Muholi: South Africa celebrates 21 years of democracy, so we’re talking only two decades, from 1994 to now. We don’t have enough texts that should speak to those 21 years, especially looking at the number of milestones we have won as LGBTI people in the country. But we are dealing with a space that endured much pain, from apartheid, from HIV/AIDS, and now from hate crimes. We are trying, though. Recently, we just had Faces and Phases published, which has faces of people who are out and identify as lesbians and trans. As much as text is important, we stress the importance of the visual as a way to say, ‘We have faces. We are living in your neighborhood. We are working with you. We go to school with you. We go to the same churches with you. We are your family members.’
Out: Is there any story you can give of a particularly meaningful reaction someone had to your work?
Bademosi: Well, I do not just write about being gay and African. I also write about my HIV status. Stigma around HIV/AIDS is also a paralyzing situation for a black gay man. He has to face double stigma for being gay and for being HIV positive. The excerpts from emails below are some of hundreds. I have de-identified the writers, but I left them unedited:
In bed; with my eyes closed and fighting back tears, I silently wish I will wake up from this horrid nightmare to a more reassuring, socially acceptable life! But no! Rather, I wake up to “this” truth…
But you stepped out, accepting your own shadow.
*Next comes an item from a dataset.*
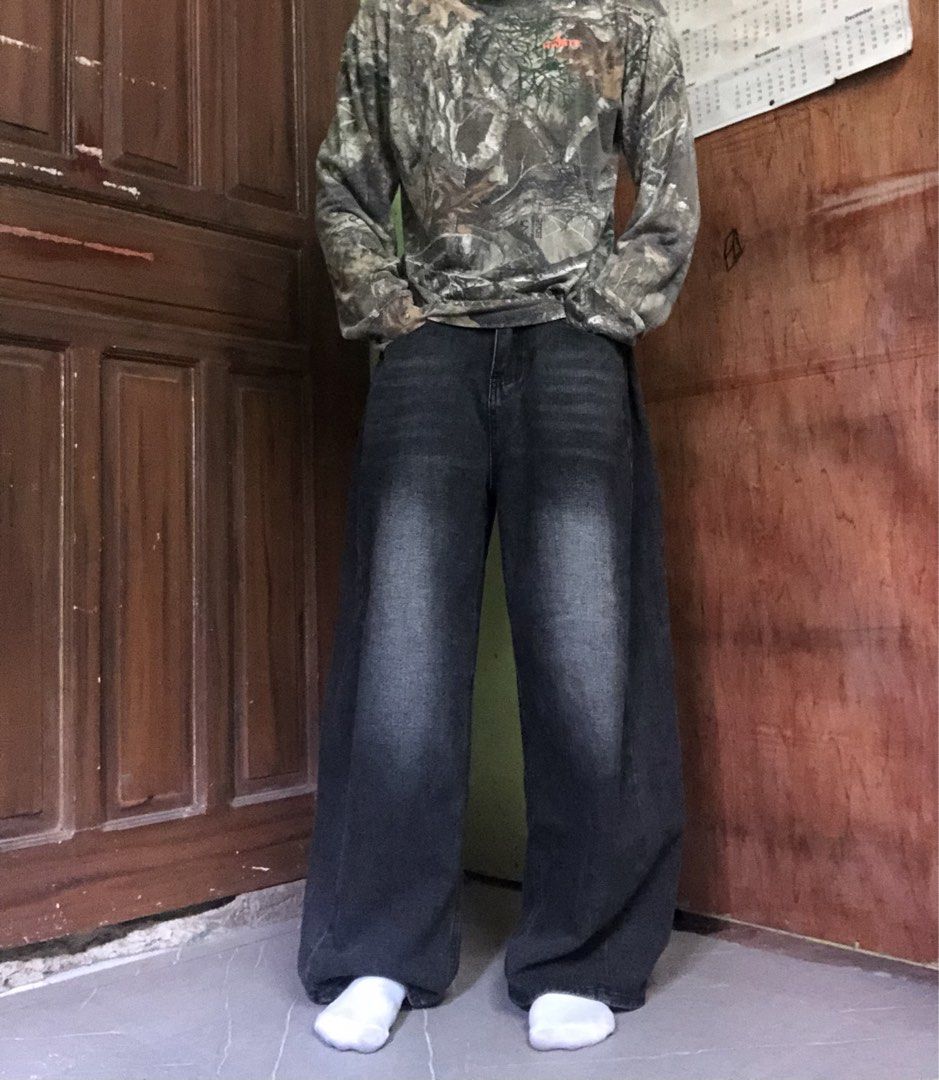 Black wash baggy pants (Category: Jeans) located in Bacolod City. Submitted by g.thrift (Listing ID 1469168299, Image 3). Description: 26-28.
Well done for doing what I know I may never be courageous enough to do in my lifetime (maybe I’ll drop it as a wonderful surprise information in my Will).
The conversation is on! You’ve Nigerians start to talk. People are getting educated. Those of us in the closet are getting encouraged to fight. Please don’t ever stop. You may never know me, but I write as one of the thousands who hide behind their closets to read your stories.
Hey Kenny. Hope u r doing fyn…actually it has been about 2 months since I planned to drop a letter of appreciation. To thank you for your courage to stand up in a society where fundamental human rights are being neglected, abused and violated due to stone age norms.
I am a Moslem Nigerian and it is very dangerous to be openly gay and still be a moslem where I live. So, I had suffered in silence and followed the crowd for over two decades now. Even though I knew what my true self was, all along. I was just like a log of wood- with no feelings or emotions as I trudged along the path of life living like everyone around me. However, after I read your stories, I MADE UP MY MIND to LIVE this once. I liberated myself from the shackles of belief systems that kept me down and embraced whom I am. Now I’m in a relationship with a guy I had been running away from all along , due to fear. Mind you, I’m still a moslem but I’m relieved of dogmas that come with religion. For once, I feel alive with true love as we both love each other; caring less what the society says about us. Thanks for shinning the light and showing us that we can truly live a life devoid of dogmas and hate. Thank you Kenny. I hope my story goes a long way to help someone like me reading your page.